Grand - August Foerester 170, 1996 manufacture. Regularly serviced by me, tunings twice a year, 2 day regulation a couple of years ago, original hammers, heavily played, hammers to be replaced next time shaping is required, if not before, Renner hammers - dense.

Excellent condition all around except for the bridge which was constructed very poorly. Solid european hardwood bridge root, no cap in the agrafffes sections, flat sawn, scarf jointed, scarfed in the capo area. Capo area of bridge capped in a very odd fashion that I still can't quite figure out.

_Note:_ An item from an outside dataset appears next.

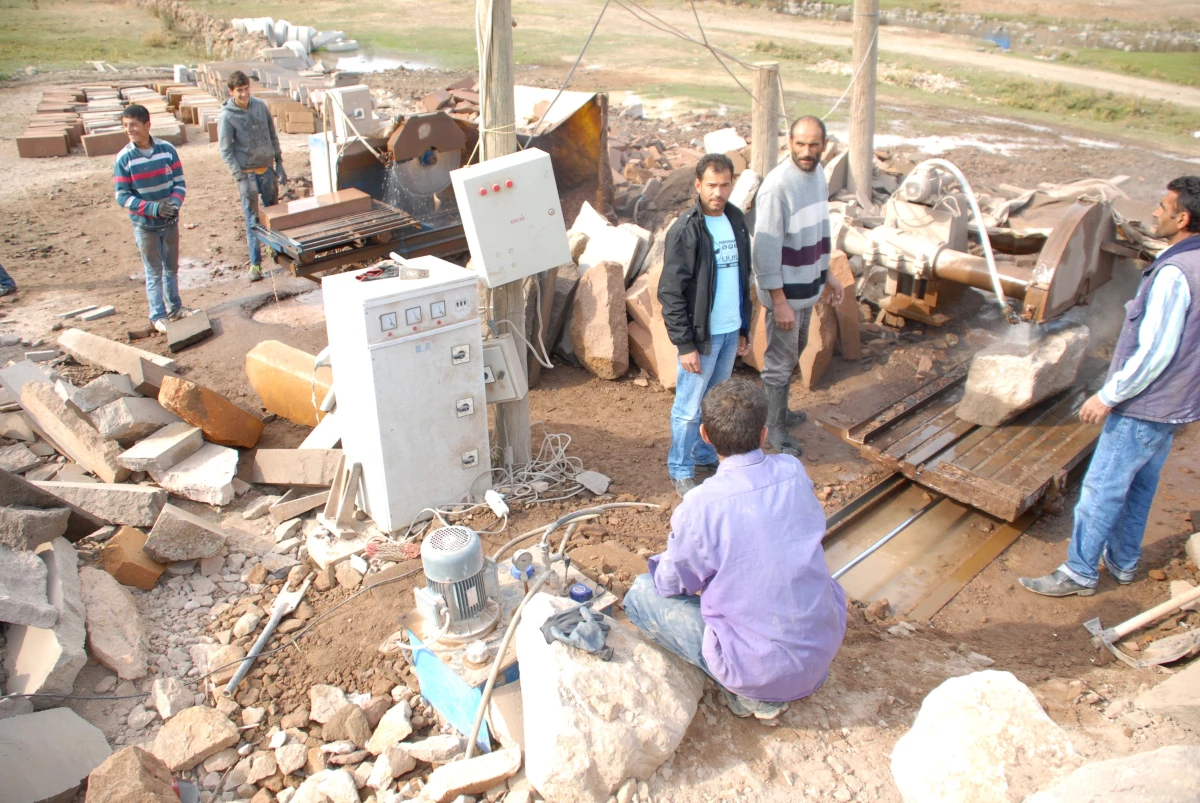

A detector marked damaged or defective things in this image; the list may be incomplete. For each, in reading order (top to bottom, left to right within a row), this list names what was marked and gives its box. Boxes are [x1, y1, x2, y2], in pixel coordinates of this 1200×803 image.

rusted machine part [931, 250, 1036, 300]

As I mentioned in the OP 1.5" pieces of some quarted stock, the 1'5" pieces edge glued perpendicular to the center line of the bridge. These cap glue joints are opening, but not cracking away from the root, just opening.

Condition of cap and pins – actually looks okay. No obvious visual distortions of the holes in the tenor, and very slight widening of the holes in the capo. Only one pin at the capo strut with a visually widened hole. However, despite reasonable visual condition, every string from C4-C8 was false and responded to the screwdriver test.

 Tenor agraffe area slow moaning beats in the attack made for a noisy attack, with an indistinct pitch. Capo, classic fast shimmering beats.

 Board still good with sustain, but is showing signs of a lowering of impedance. The lower impedance of the board is asking for a softer hammer at this point, as given the filed hard Renner hammers, it is a bit too easy to drive the notes to break up earlier than one would like, despite voicing. 

 No dag on the cap, as is common on European pianos.

 CA, dryburgh red (water viscosity), fresh…just bought it from dryburgh this past week.

 Application, strings on, up to tension. Pipette application. Since the pin holes, as I said, were not seriously elongated, at least visually, application of CA went under the strings on the cap and into the hole at about an equal rate, adhering the strings to the bridge cap. This as opposed to more elongated holes in really beat caps, which allow the CA to be drawn first and exclusively into the holes. Because of this pin/string equal capillary action the strings adhered to the flat of the bridge cap, and built up some CA at the pin termination, mostly on the right string. There was a small CA build up at the pins in general. 

 Application rate may have been a bit generous, but on the other hand, I did have to repeat apply a fair number of pins to kill the beats. All CA applied in the same 1.5hr initial session. Left it overnight and came back the next day to work on it.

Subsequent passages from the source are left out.